RECORDS SHOWN:

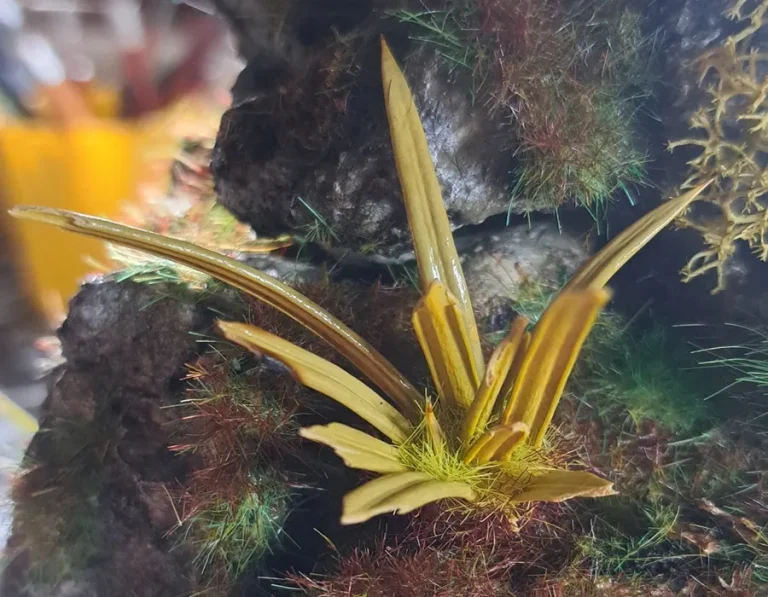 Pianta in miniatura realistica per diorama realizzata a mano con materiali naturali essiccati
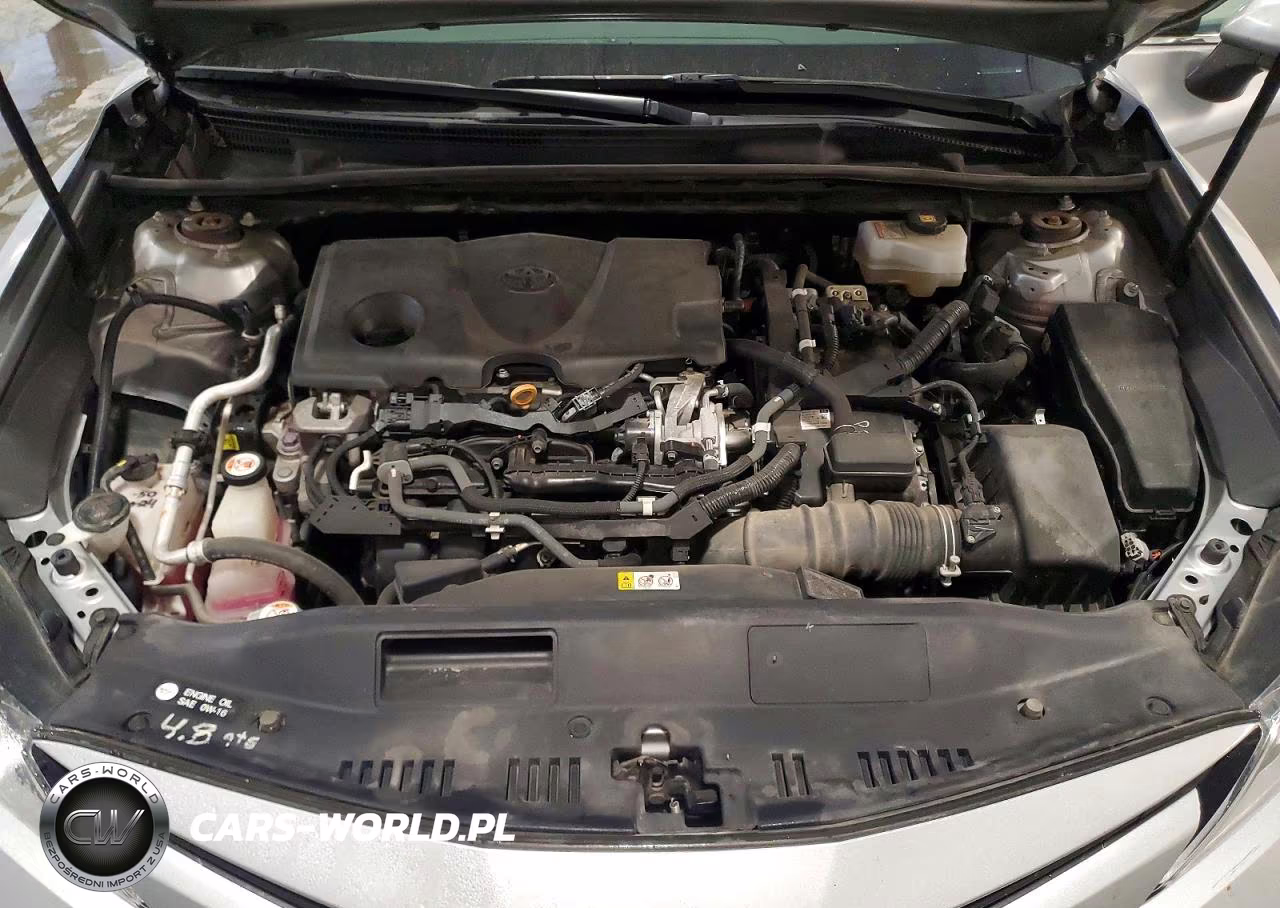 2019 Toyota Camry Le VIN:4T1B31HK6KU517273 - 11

...

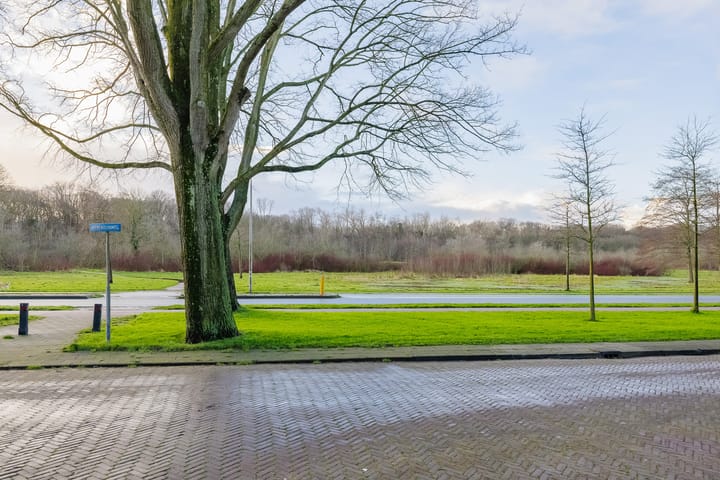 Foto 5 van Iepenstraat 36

TASK INSTRUCTIONS:
Copy word for word the span of the records above that begins at the line with "Pianta in miniatura" and ends at the line with "2019 Toyota Camry", including those two lines but not the pictures.

RESPONSE BELOW:
 Pianta in miniatura realistica per diorama realizzata a mano con materiali naturali essiccati
 2019 Toyota Camry Le VIN:4T1B31HK6KU517273 - 11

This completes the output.